31  File Handling

So far, we have only looked at storing data temporarily (in variables). This data is lost when we shut down. Similarly, we have got all our inputs from the user when the program runs, but that’s likely not practical for many purposes.

A better approach is to use files to store data that we need longer term. This might include : Input data for our code (e.g. parameters for our model) Output data from our code (e.g. results from our model)

There are lots of different ways we can do this in Python. However, for most of the data you’ll be using, you’ll likely want to interact with comma separated value (.csv) files.

.csv files are simply text files that have discrete values separated using commas. This makes it easy to read them into / export them from tables and spreadsheets.

In a .csv file, we can think of the data as being separated into rows or records (lines) and columns (with each column of data separated by a comma).

.csv files can be read and opened using any text editor (including VSCode). They can also be opened using spreadsheet software (eg Excel), which will open them as a spreadsheet - but be warned, it can also add things to it that can cause problems…

31.1 Reading .csv files in Python

There’s a library in Python called csv which allows us to easily read from and write to .csv files. (There’s an even easier approach to using .csv files in Python using Pandas, which you’ll learn about later). Let’s say we wanted to read in a .csv which contained name and age data in the format name, age :

import csv # import the csv library

# Set up two empty lists - one to store names, one to store ages
list_of_names = []
list_of_ages = []

# do the following block of code holding the csv file open in "read only" mode
# ("r"), and henceforth we'll refer to this file opened in read only mode as f
# (alias)
with open("filename.csv", "r") as f:
    # Create a csv reader object (we'll come back to that in Object Oriented
    # Programming), which uses the file opened in read-only mode (f), and where
    # the delimiter is a comma
    reader = csv.reader(f, delimiter=",")

    # For each row it reads in, take the first value before a comma and add it
    # to the list of names, and take the second value, and add it to the list
    # of ages.
    for row in reader:
        list_of_names.append(row[0])
        list_of_ages.append(row[1])

31.2 Writing .csv files in Python

We can also write to .csv files in Python using the same library.

import csv # import the csv library

# Here's a list of column titles
list_of_column_titles = ["Name", "ID"]

# Here's a few lists containing data we want to write out to file
data_row_1 = ["Dan", 43102]
data_row_2 = ["Sammi", 31023]
data_row_3 = ["Amy", 54098]

# Let's combine the data rows into a single list of lists
combined_data = [data_row_1, data_row_2, data_row_3]

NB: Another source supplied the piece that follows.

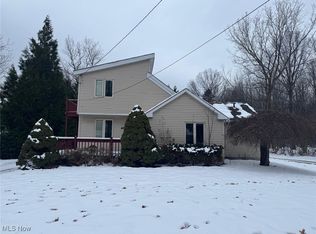 4495 Ammon Rd, Cleveland, OH 44143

# Do the following block of code with output.csv opened in write mode ("w"),
# and setting the newline parameter to null (this is a necessary inclusion on
# Windows, otherwise it'll add an extra line between lines), and refer to it as
# f
with open("output.csv", "w", newline='') as f:
    # Create a csv writer object, which uses f (the file opened in write mode
    # etc) with a comma delimiter
    writer = csv.writer(f, delimiter=",")

    # Write the first row (the column titles)
    writer.writerow(list_of_column_titles)

    # Loop through the other data rows and write them (one on each line)
    for data_row in combined_data:
        writer.writerow(data_row)

The resulting csv from this code would look like this.

31.3 File access Modes

There are a huge number of different file access modes. The most common ones you will use are :

“r” - open the file read-only, start at the beginning of the file

“w” - open the file write-only, start at the beginning of the file

“w+” - open the file read and write, start at the beginning of the file

“a” - open the file in append mode (a write mode that starts at the end of the file)

“w”, “w+” and “a” will create a new file with the given name if one does not exist. “r” will throw up an error if the file does not exist.

IMPORTANT - if you want to add to a file, you MUST use append mode. If you use a write mode, it will start at the beginning, and therefore wipe out your file before it starts.